The Army rushing defense has become a reliable and high powered unit over the course of the 2017 season. After successfully shutting down Air Force, the Black Knights front seven then held a very different type of rushing attack to nothing more than scraps on Saturday. The Duke rushing game may have picked up a couple of touchdowns, but every one of their 89 combined yards on 33 carries was hard fought and physical.

Shaun Wilson had a nice 22-yard run that dramatically boosted the Blue Devils overall numbers. Quarterback Daniel Jones is something of a dual-threat when at his best, but he was held to little more than one yard per carry as he rushed 19 times for 22 yards. Holding any team to 2.7 yards per rush will put you in position to win.

Passing Defense: A

The Black Knights passing defense was also on point against Duke. Army did not allow a touchdown through the air all day as they swarmed Jones with pressure and covered his receiver downfield. Jones went 19-of-29 for 164 yards with no touchdowns and an interception. The Blue Devils were not able to complete a single pass play of over 20 yards, even though Jones was able to dish the ball around and hit seven different targets. Normally a high amount of distribution like that will free up a receiver for a big play, but the Army coverage was exceptional on Saturday. The defense was also credited with four sacks, with Elijah Riley picking up 1.5 of those on his own.

Special Teams: B-

Army finally found the special teams play we have been craving all year long.
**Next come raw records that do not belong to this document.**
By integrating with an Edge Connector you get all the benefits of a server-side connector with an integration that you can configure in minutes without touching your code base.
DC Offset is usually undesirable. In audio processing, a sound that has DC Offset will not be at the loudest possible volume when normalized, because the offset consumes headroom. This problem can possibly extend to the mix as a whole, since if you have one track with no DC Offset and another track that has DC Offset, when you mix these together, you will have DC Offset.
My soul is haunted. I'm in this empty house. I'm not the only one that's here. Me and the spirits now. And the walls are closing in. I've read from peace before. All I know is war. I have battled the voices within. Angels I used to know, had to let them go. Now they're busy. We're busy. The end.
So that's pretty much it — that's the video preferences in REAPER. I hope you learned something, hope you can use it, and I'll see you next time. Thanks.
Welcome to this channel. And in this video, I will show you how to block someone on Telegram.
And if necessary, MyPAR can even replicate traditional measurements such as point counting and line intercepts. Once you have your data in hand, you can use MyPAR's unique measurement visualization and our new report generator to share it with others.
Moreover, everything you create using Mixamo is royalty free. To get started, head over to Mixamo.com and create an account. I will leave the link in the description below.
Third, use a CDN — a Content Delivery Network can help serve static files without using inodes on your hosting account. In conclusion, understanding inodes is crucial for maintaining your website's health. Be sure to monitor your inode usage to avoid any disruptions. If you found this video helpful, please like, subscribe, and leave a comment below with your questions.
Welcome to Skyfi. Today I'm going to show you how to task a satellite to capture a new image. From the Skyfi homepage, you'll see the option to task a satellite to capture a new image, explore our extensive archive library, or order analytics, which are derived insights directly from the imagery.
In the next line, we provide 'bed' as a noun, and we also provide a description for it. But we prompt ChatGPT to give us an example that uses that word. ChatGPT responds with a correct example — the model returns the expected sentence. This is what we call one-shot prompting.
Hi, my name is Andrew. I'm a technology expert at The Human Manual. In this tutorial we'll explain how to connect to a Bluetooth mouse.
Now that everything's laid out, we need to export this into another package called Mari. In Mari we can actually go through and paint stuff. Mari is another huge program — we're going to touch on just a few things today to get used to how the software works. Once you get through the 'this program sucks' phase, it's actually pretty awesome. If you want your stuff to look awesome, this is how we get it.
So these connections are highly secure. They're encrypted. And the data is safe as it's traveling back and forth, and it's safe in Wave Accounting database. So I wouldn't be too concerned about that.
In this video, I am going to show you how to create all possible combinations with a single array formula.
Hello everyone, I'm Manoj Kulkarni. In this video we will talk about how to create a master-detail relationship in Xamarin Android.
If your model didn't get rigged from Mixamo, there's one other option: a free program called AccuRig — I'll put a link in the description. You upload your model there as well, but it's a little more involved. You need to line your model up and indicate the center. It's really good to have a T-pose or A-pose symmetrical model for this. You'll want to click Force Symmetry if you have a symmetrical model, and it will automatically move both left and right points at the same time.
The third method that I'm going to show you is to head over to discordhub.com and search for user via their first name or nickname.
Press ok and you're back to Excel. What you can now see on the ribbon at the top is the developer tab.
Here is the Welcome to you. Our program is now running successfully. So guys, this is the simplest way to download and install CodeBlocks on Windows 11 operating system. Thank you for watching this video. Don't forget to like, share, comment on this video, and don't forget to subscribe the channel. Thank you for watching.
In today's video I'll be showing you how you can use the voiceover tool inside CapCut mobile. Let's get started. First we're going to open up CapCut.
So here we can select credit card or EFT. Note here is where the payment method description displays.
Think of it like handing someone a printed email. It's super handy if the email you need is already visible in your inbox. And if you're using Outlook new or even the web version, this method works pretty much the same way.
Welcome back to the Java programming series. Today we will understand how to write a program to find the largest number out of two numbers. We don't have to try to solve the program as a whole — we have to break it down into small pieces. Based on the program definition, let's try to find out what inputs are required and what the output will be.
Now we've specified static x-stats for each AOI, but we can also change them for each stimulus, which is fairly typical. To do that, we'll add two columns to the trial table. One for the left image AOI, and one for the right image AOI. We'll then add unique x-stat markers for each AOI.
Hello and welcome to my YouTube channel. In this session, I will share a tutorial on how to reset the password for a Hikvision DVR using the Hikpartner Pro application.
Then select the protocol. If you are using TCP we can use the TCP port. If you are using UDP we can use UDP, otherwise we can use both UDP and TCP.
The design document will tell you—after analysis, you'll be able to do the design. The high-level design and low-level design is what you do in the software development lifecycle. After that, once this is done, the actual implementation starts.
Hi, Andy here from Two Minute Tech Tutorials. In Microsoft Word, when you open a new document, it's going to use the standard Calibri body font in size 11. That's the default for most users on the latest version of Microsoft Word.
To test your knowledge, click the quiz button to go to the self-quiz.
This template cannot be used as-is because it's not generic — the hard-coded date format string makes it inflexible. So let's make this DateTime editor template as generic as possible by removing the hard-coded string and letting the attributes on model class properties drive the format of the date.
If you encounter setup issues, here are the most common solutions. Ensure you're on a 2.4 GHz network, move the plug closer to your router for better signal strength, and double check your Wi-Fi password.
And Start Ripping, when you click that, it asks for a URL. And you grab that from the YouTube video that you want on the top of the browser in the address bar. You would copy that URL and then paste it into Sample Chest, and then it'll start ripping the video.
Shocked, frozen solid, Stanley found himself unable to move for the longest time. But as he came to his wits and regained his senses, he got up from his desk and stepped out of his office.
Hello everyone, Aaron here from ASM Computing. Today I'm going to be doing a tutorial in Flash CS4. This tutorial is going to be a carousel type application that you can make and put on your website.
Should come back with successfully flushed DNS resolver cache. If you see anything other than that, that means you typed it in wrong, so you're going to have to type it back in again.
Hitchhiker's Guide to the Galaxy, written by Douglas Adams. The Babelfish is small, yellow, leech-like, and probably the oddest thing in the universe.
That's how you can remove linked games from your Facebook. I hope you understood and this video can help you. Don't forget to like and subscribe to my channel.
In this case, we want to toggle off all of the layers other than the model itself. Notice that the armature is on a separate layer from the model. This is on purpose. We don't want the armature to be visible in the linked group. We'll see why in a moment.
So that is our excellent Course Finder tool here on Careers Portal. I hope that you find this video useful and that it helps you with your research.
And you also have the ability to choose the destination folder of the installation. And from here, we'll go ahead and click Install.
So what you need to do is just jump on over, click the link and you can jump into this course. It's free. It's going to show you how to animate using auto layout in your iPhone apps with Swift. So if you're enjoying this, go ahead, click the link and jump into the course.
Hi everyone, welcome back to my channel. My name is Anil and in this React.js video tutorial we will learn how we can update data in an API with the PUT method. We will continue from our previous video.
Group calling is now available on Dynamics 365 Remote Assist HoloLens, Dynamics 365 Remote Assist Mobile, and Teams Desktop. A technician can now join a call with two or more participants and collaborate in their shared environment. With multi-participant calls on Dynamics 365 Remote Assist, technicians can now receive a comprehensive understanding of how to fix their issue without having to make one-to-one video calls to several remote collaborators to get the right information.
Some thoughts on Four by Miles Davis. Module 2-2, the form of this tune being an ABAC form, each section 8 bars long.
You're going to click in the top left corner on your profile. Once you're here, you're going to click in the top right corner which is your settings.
The Black Knights second touchdown of the game came directly from a blocked punt by Andy Davidson. Davidson has always been a solid special teams player and his extra effort to get to the punt allowed freshman defensive back Javhari Bourdeau to scoop up the ball on the run and return in 25 yards for an Army score. It was a huge play in the context of the game as although Army was winning, it could be argued that Duke was unlucky to be behind.

The gloss of the special teams’ performance was taken off a little as Army had a field goal that would have sealed the win – or at least pushed the lead to eight points late on – blocked, but even this cannot completely kill the grade after that monumental punt block.

Coaching: A

Nothing bad to say here, as Monken and his team executed the game plan to perfection. The blocked punt was just a huge play as it gave the Black Knights a two-score lead against an offensively challenged opponent with a quarterback low on confidence. Monken must have known going in that a double-digit lead was going to be hard for Duke to run down, so he was very conservative in his offensive play calling, figuring his defense was strong enough to get the job done.